- _What you are asked to do_
Leave the pictures out, and print everything else in the records exactly.

- _Record excerpts_

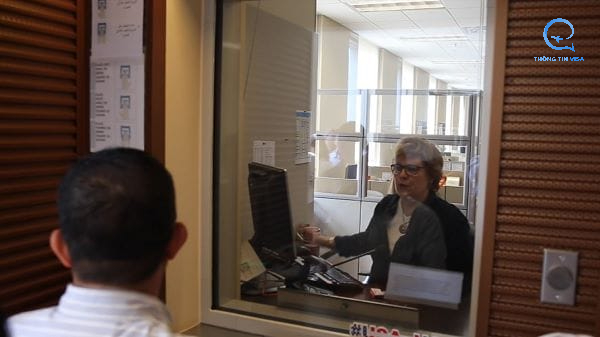Nên chọn phỏng vấn visa Mỹ bằng tiếng gì?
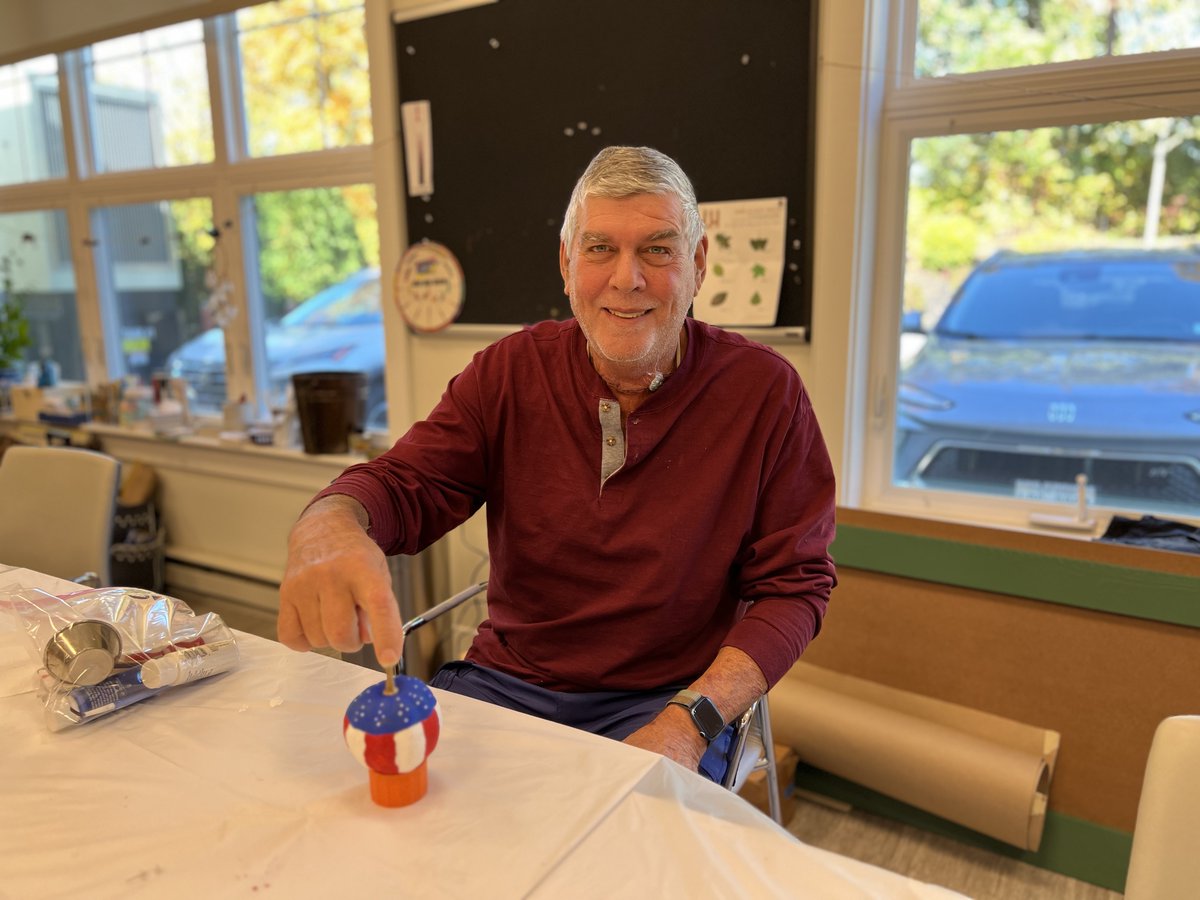 GurwinJewish's tweet image. Our Fountaingate Gardens members got spooky and creative with some pumpkin decorating! 
#PumpkinDecorating #CreativeFun #LifePlanLiving #FallVibes #SpookySeason #IndependentLiving #SocialFun #FountaingateFeeling #Commack #LongIsland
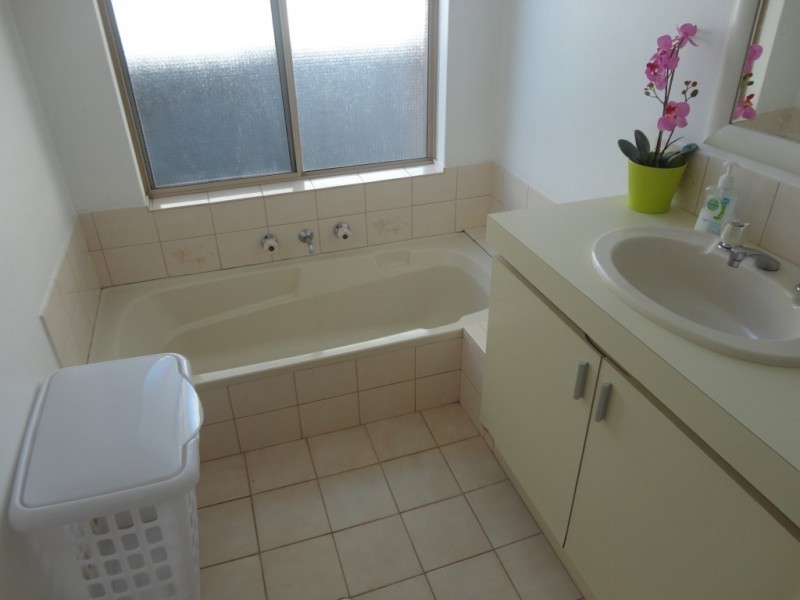 16 Jaegar Square, Ballajura WA 6066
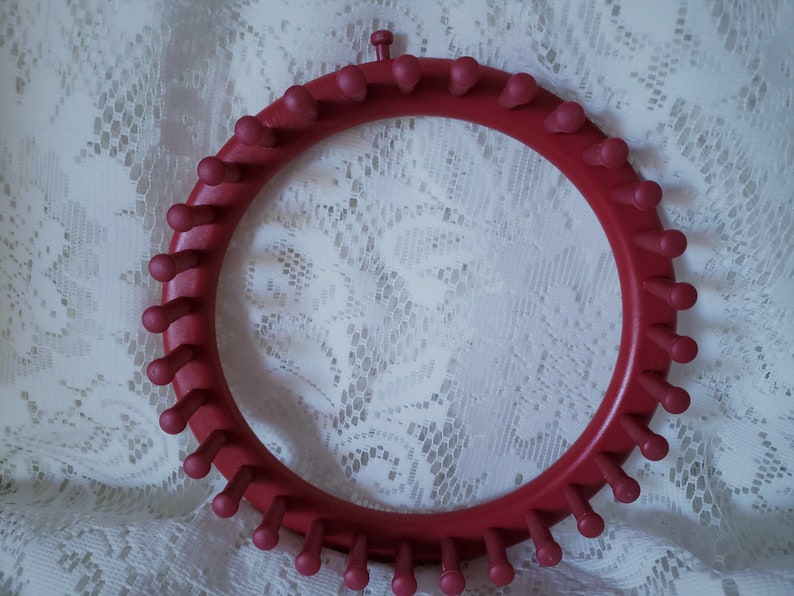 Knifty Knitter Round Knitting Loom 7 5 Red 31 Pegs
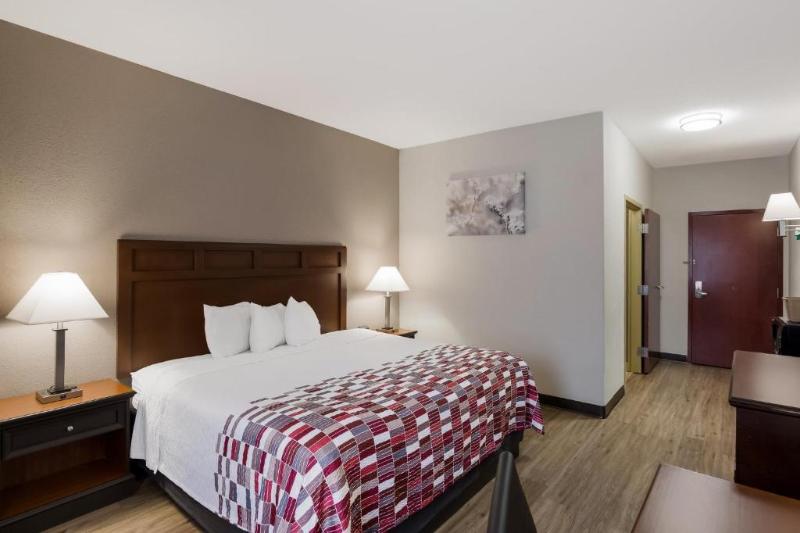 Red Roof Inn & Suites Bloomsburg – Mifflinville image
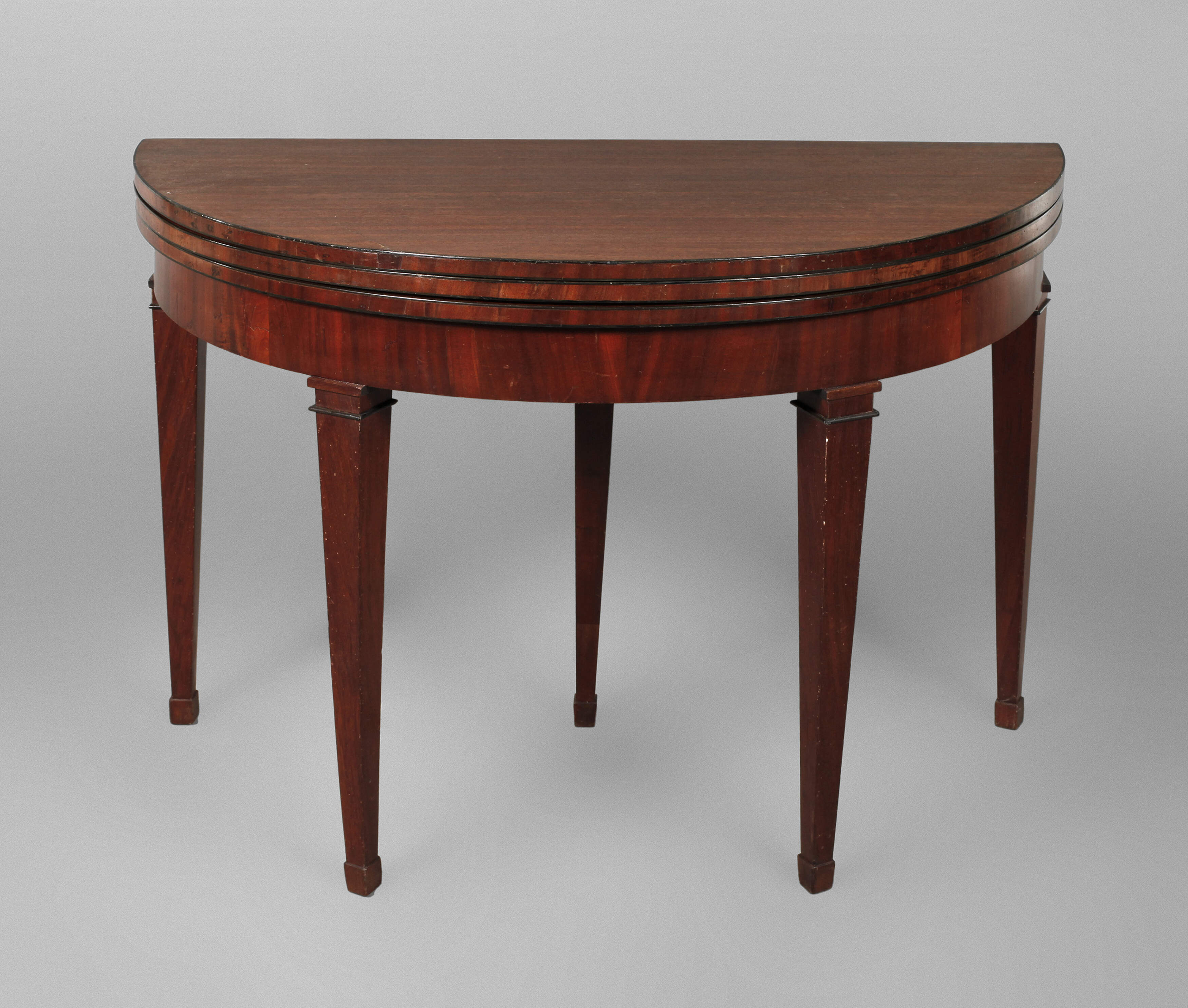 Klassizistischer Demi Lune-Tisch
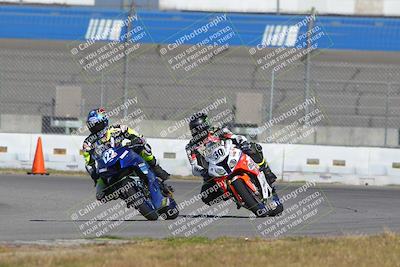 media/Nov-26-2022-Fastrack Riders (Sat) [[b001e85eef]]/Level 3/Session 3 Outside Turn 9/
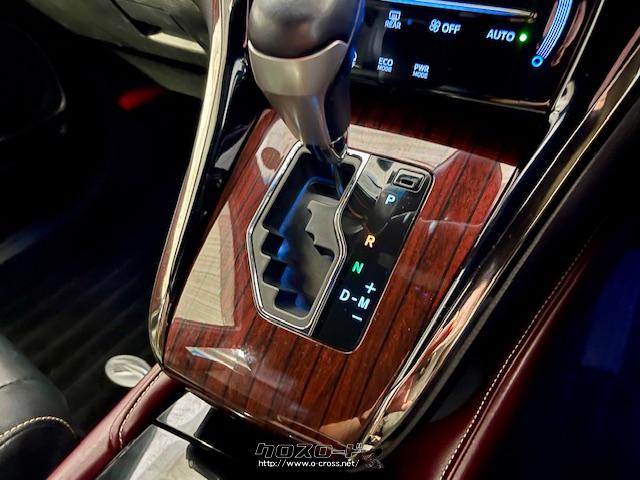 ウッド調のパネルまわりは高級感を演出 トヨタ ハリアー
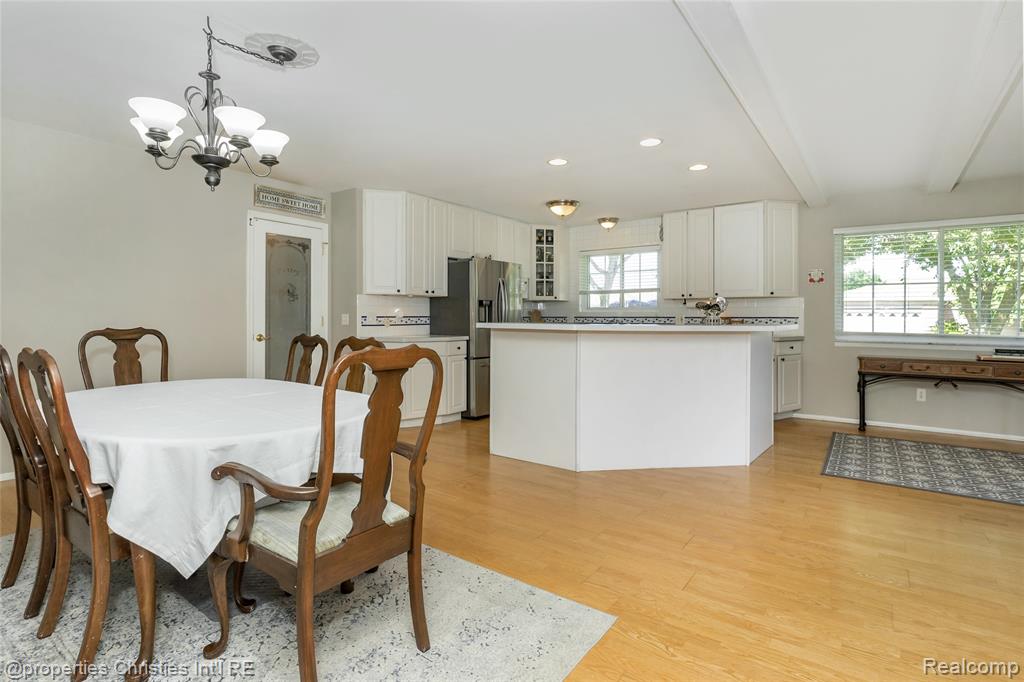 6805 Emerald Shores Drive, Troy, MI 48085 — Photo 8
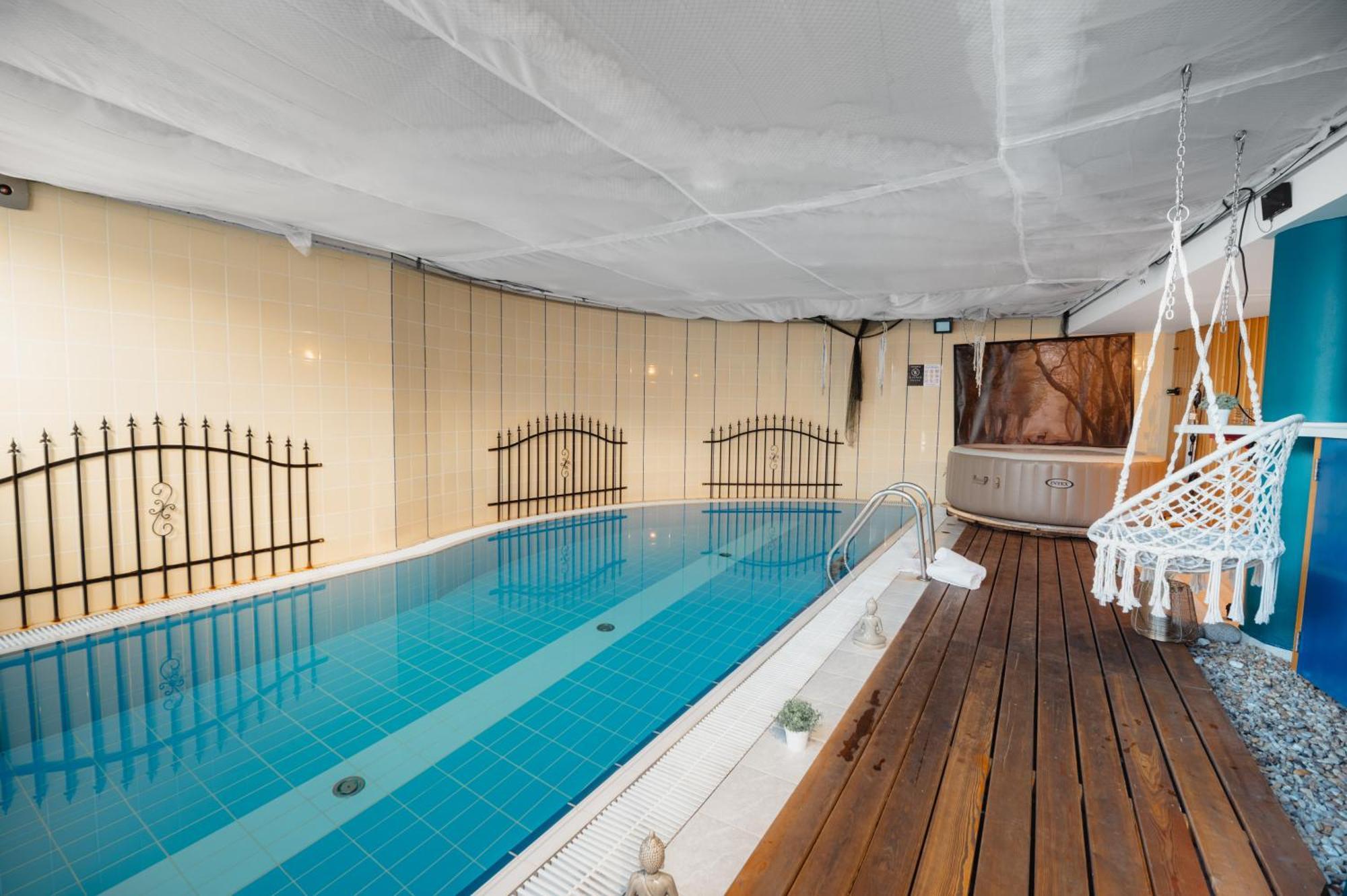 Unique Apartment With Private Pool, Cinema, Spa Prag Exterior foto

- _Solution below_
Nên chọn phỏng vấn visa Mỹ bằng tiếng gì?
 GurwinJewish's tweet image. Our Fountaingate Gardens members got spooky and creative with some pumpkin decorating! 
#PumpkinDecorating #CreativeFun #LifePlanLiving #FallVibes #SpookySeason #IndependentLiving #SocialFun #FountaingateFeeling #Commack #LongIsland
 16 Jaegar Square, Ballajura WA 6066
 Knifty Knitter Round Knitting Loom 7 5 Red 31 Pegs
 Red Roof Inn & Suites Bloomsburg – Mifflinville image
 Klassizistischer Demi Lune-Tisch
 media/Nov-26-2022-Fastrack Riders (Sat) [[b001e85eef]]/Level 3/Session 3 Outside Turn 9/
 ウッド調のパネルまわりは高級感を演出 トヨタ ハリアー
 6805 Emerald Shores Drive, Troy, MI 48085 — Photo 8
 Unique Apartment With Private Pool, Cinema, Spa Prag Exterior foto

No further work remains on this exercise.